EXERCISE :: Restate word for word the part of the material that runs from the line containing "You are currently" through its final line, inclusive, minus the pictures.

§

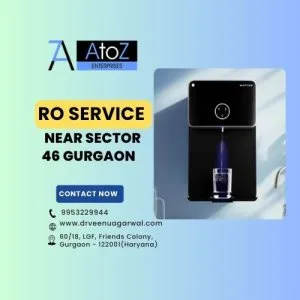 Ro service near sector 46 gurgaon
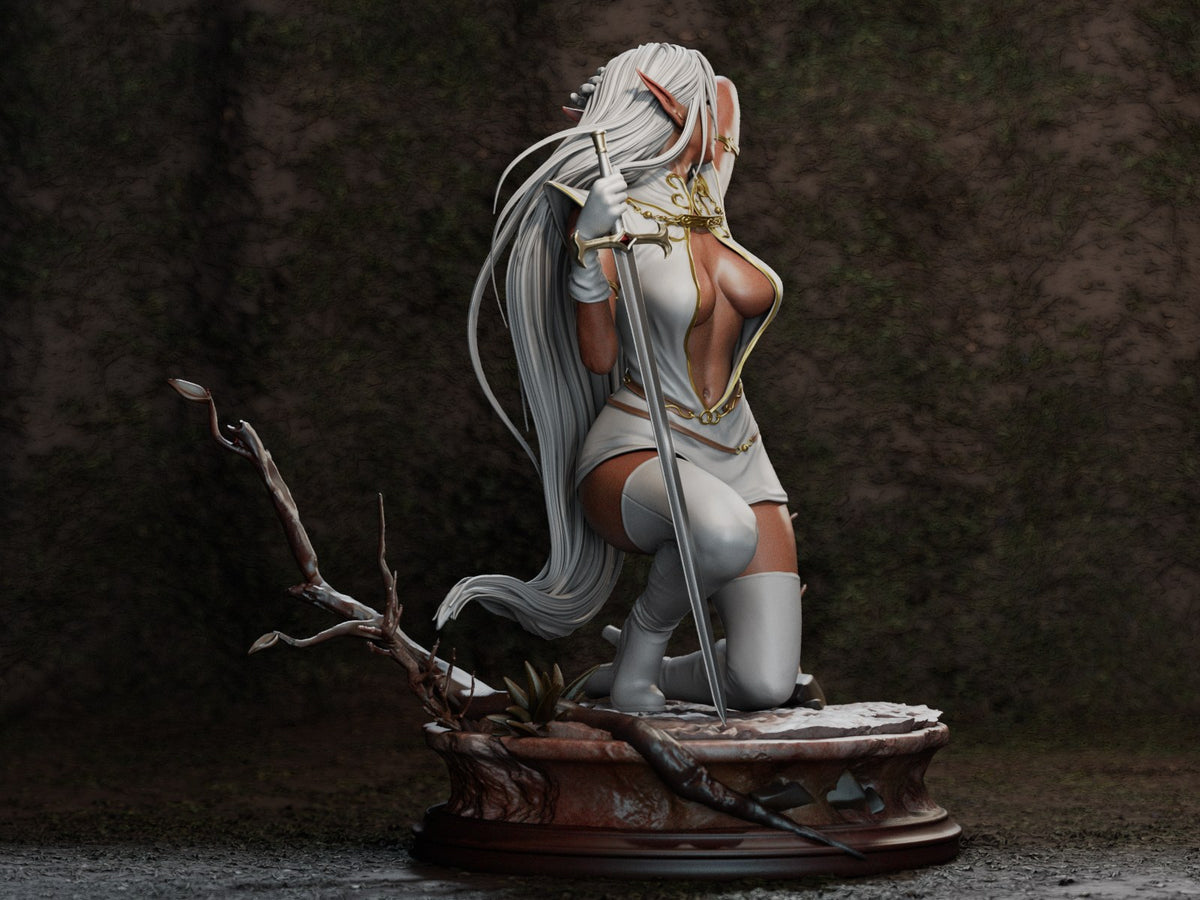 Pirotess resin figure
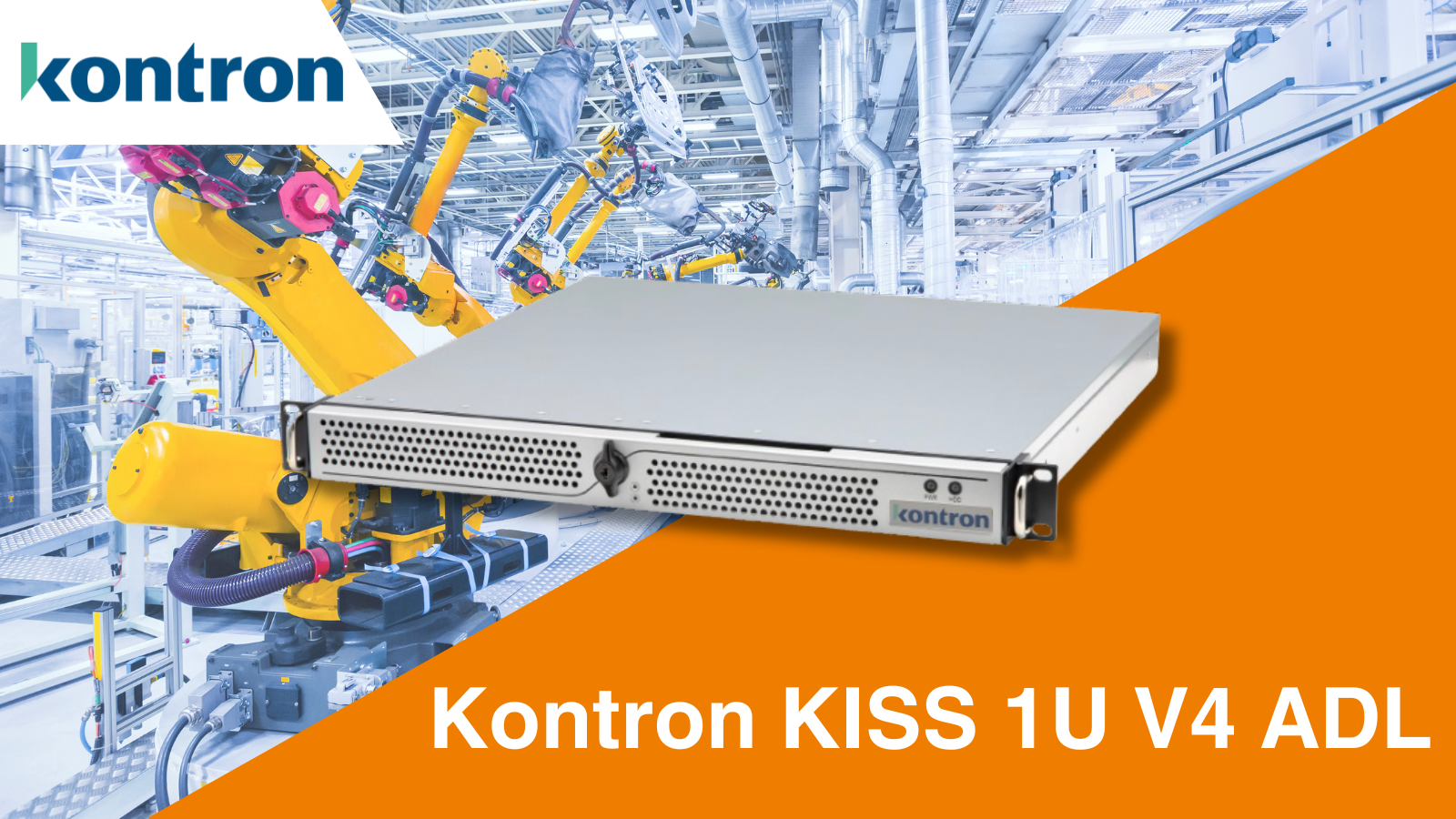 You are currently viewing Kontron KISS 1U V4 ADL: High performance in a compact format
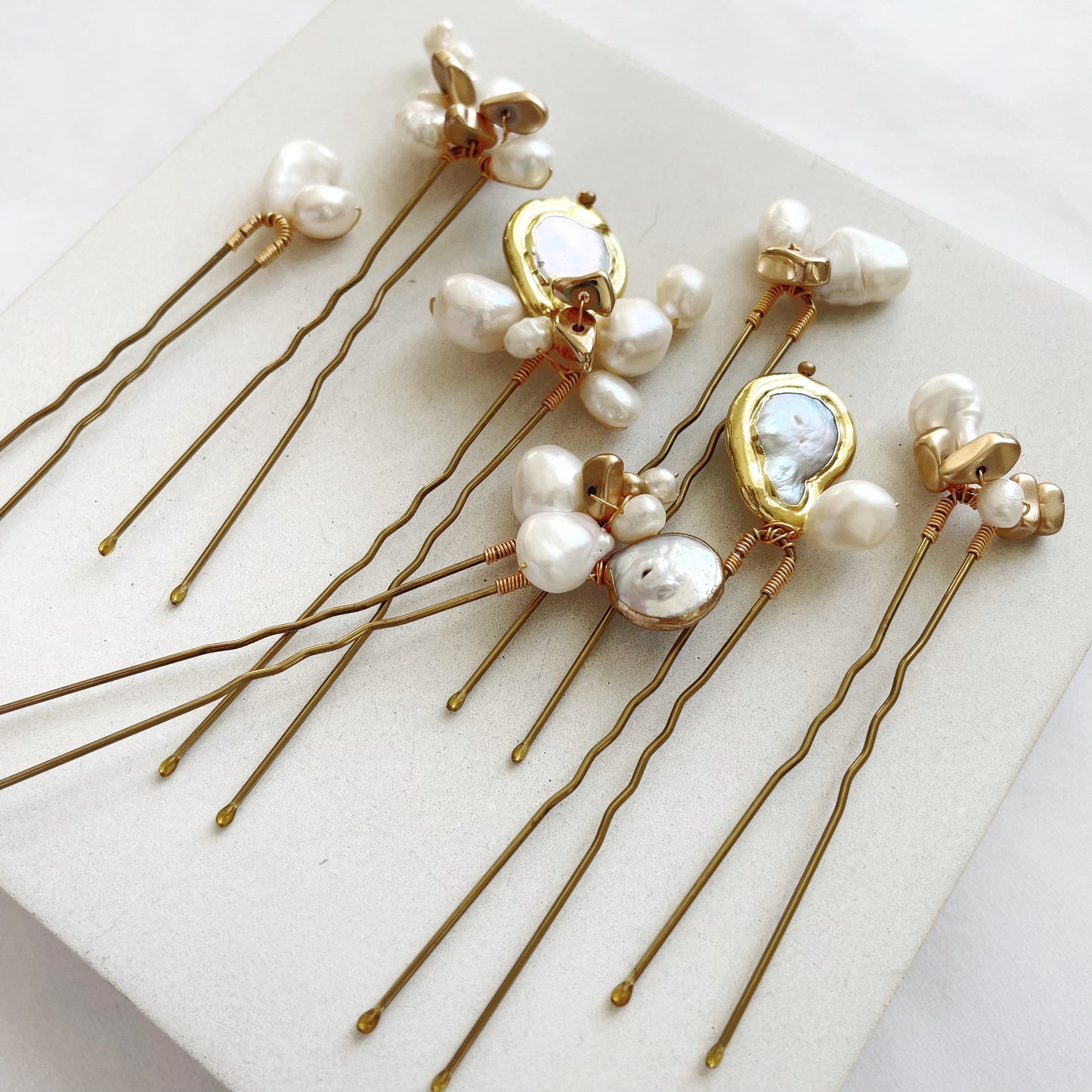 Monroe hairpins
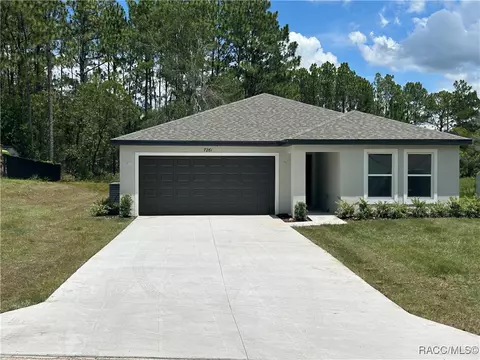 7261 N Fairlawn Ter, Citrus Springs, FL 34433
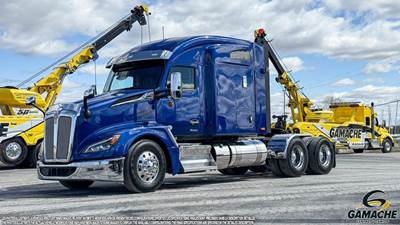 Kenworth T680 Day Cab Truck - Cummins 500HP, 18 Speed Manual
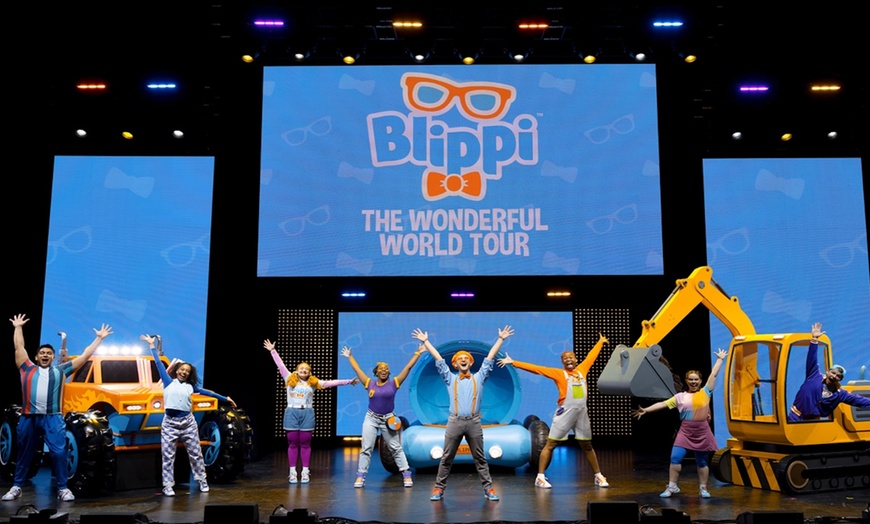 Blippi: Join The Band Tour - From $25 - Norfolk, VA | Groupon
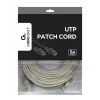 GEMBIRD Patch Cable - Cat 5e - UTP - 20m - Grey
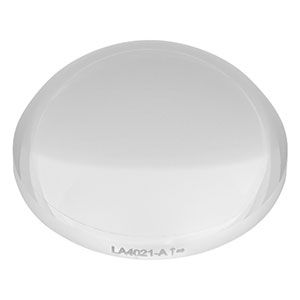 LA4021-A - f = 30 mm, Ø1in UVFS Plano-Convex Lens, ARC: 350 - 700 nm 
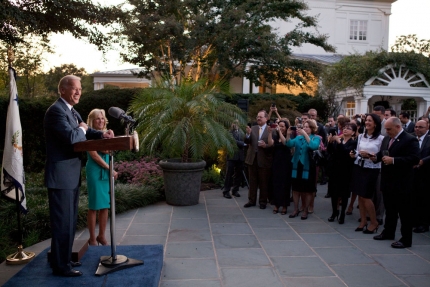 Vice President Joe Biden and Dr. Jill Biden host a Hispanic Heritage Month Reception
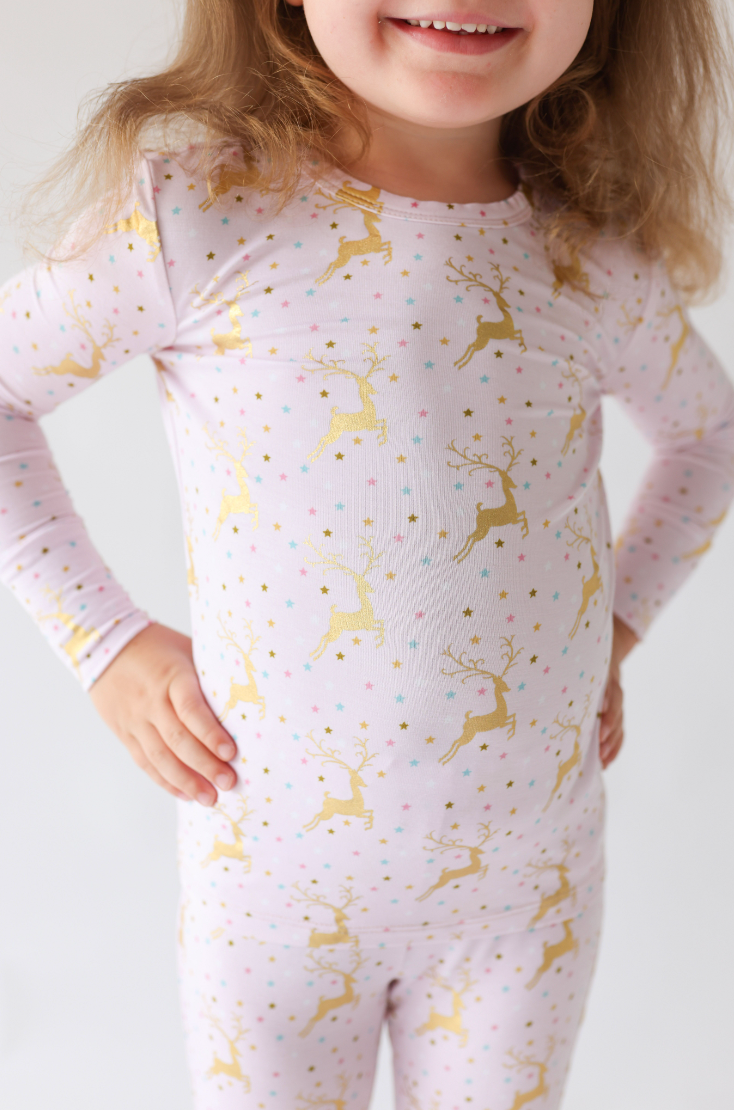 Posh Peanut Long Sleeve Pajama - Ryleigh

§

OUTPUT BELOW ::
 You are currently viewing Kontron KISS 1U V4 ADL: High performance in a compact format
 Monroe hairpins
 7261 N Fairlawn Ter, Citrus Springs, FL 34433
 Kenworth T680 Day Cab Truck - Cummins 500HP, 18 Speed Manual
 Blippi: Join The Band Tour - From $25 - Norfolk, VA | Groupon
 GEMBIRD Patch Cable - Cat 5e - UTP - 20m - Grey
 LA4021-A - f = 30 mm, Ø1in UVFS Plano-Convex Lens, ARC: 350 - 700 nm 
 Vice President Joe Biden and Dr. Jill Biden host a Hispanic Heritage Month Reception
 Posh Peanut Long Sleeve Pajama - Ryleigh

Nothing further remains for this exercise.